#### DATA PROVIDED
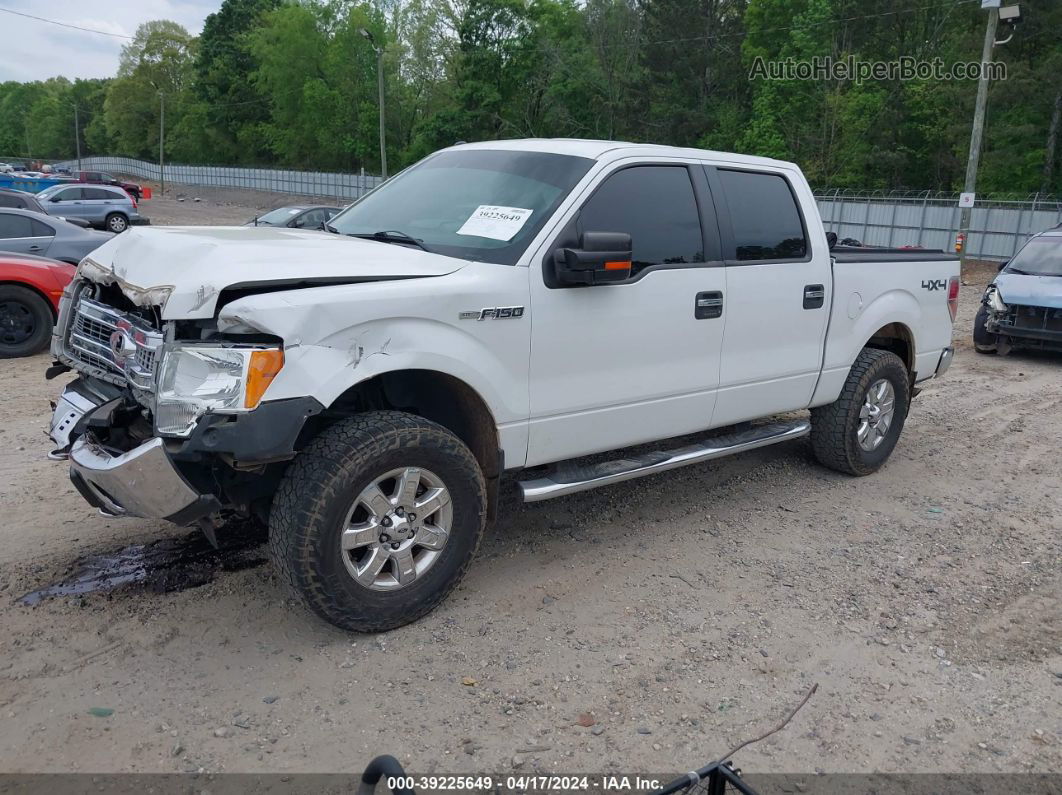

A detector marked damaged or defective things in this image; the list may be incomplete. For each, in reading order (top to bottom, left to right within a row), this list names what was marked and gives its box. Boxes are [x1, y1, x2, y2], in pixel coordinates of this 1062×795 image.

crumpled hood [80, 225, 463, 318]
crumpled hood [994, 273, 1062, 309]
detached front bumper [48, 382, 218, 524]
damaged front end [47, 271, 318, 526]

#### PROBLEM TO WORK ON
Everything in the listing above is to be given again exactly, apart from the pictures.

#### EXERCISE SOLUTION
A detector marked damaged or defective things in this image; the list may be incomplete. For each, in reading order (top to bottom, left to right within a row), this list names what was marked and gives its box. Boxes are [x1, y1, x2, y2], in pixel coordinates of this 1062×795 image.

crumpled hood [80, 225, 463, 318]
crumpled hood [994, 273, 1062, 309]
detached front bumper [48, 382, 218, 524]
damaged front end [47, 271, 318, 526]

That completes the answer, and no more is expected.